Exercise objective — Your output should be the lines below from the one holding "Asato Faltbare Eisbadewanne" through the one holding "Used Line Heater, 1.5", transcribed exactly, with no pictures.

Provided material —
++++++++++

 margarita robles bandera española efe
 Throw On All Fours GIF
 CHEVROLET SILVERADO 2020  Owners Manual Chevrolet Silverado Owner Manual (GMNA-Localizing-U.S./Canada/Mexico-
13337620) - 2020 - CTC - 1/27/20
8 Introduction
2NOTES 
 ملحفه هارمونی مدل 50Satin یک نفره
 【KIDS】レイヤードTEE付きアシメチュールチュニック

++++++++++

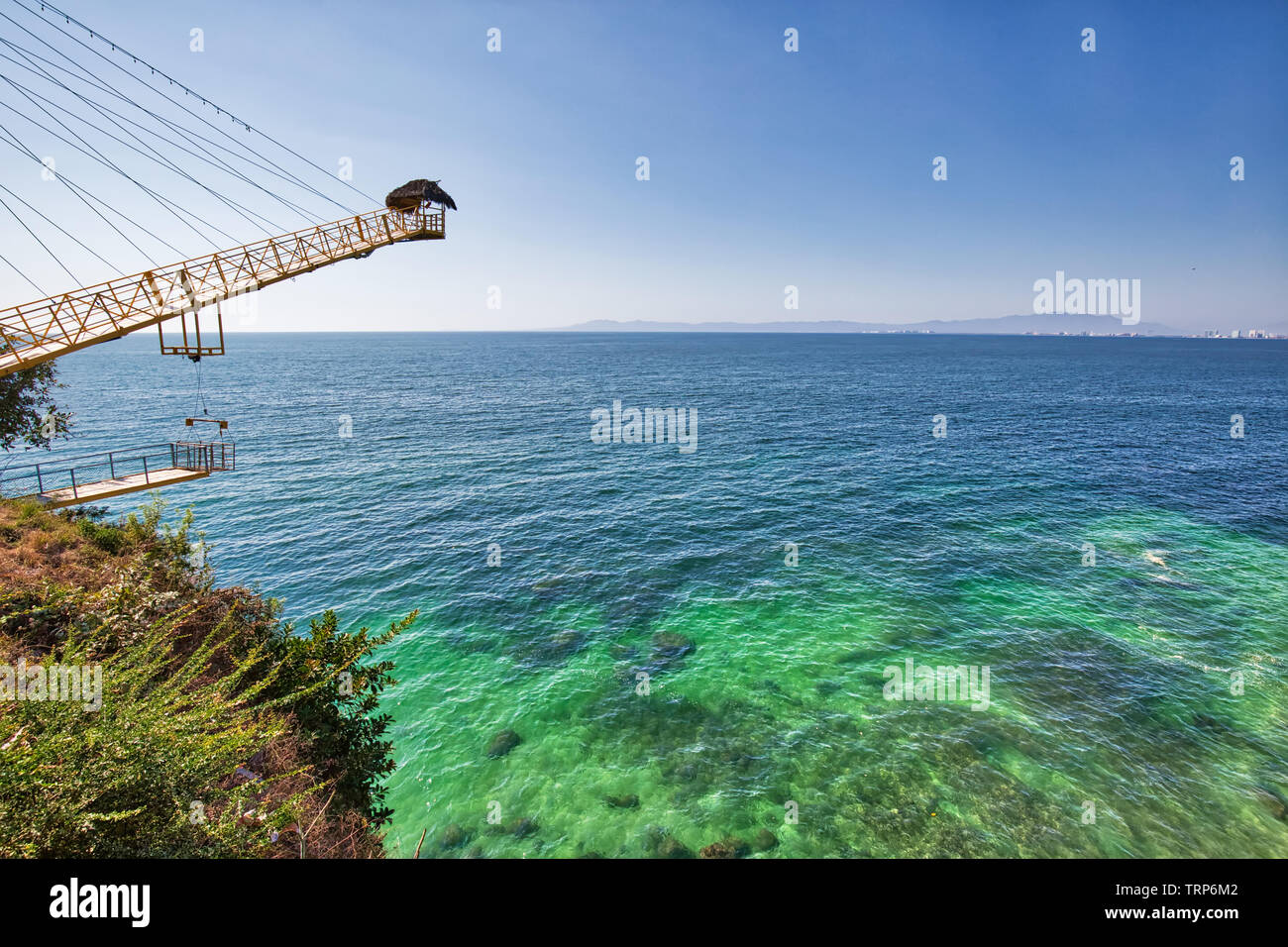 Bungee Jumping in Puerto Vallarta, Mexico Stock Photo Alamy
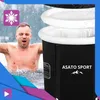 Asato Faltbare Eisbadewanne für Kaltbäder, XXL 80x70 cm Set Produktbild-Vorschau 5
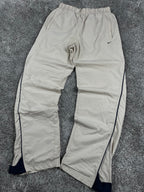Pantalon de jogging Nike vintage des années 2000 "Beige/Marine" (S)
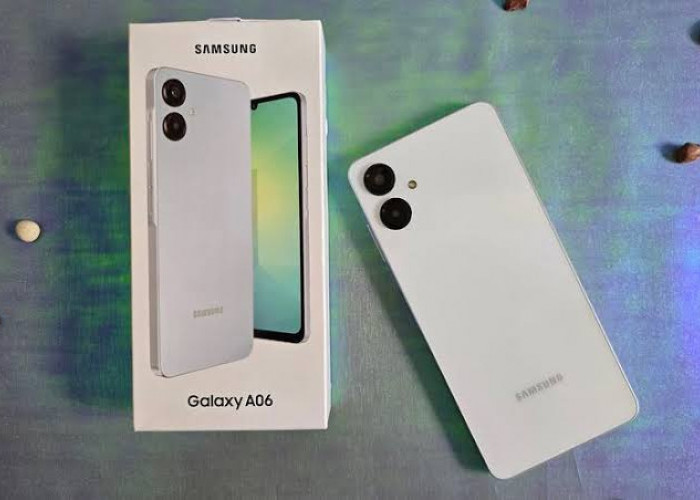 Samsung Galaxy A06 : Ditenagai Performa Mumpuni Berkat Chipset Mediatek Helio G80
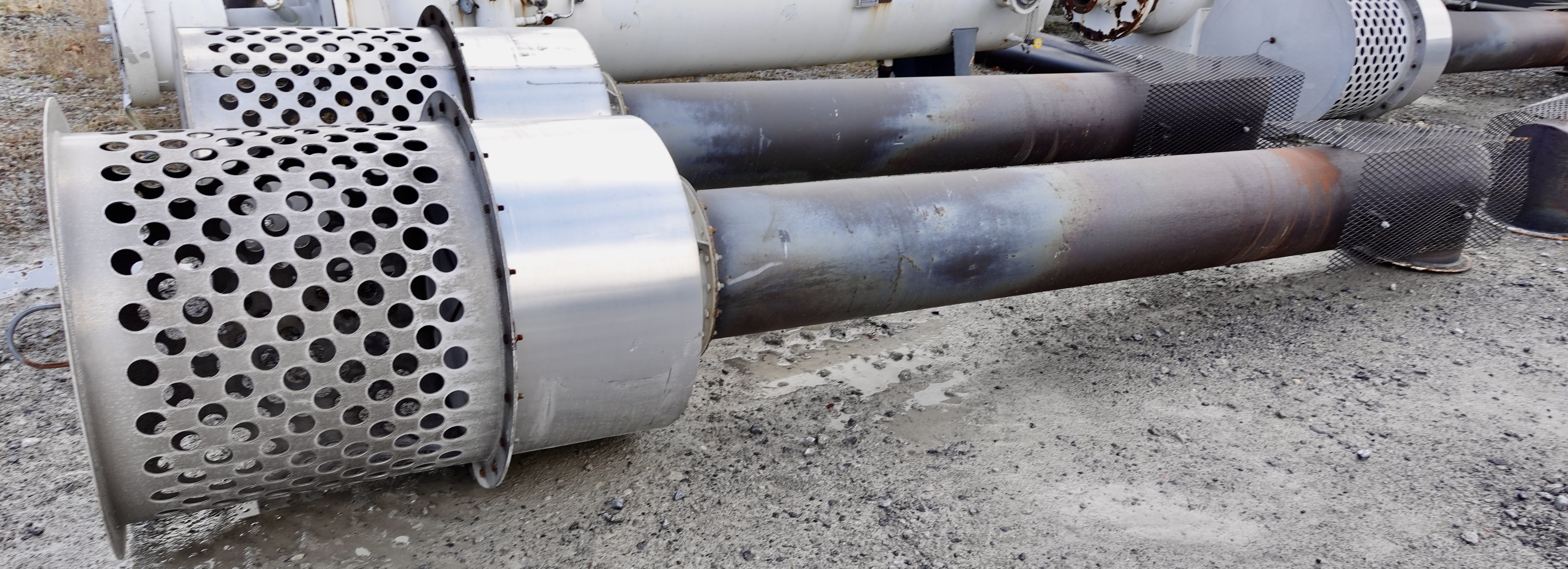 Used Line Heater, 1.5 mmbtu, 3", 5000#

++++++++++

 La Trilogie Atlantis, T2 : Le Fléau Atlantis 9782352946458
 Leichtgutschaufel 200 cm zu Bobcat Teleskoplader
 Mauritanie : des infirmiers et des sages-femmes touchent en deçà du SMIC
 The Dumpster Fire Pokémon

++++++++++

Completed exercise —
 Asato Faltbare Eisbadewanne für Kaltbäder, XXL 80x70 cm Set Produktbild-Vorschau 5
Pantalon de jogging Nike vintage des années 2000 "Beige/Marine" (S)
 Samsung Galaxy A06 : Ditenagai Performa Mumpuni Berkat Chipset Mediatek Helio G80
 Used Line Heater, 1.5 mmbtu, 3", 5000#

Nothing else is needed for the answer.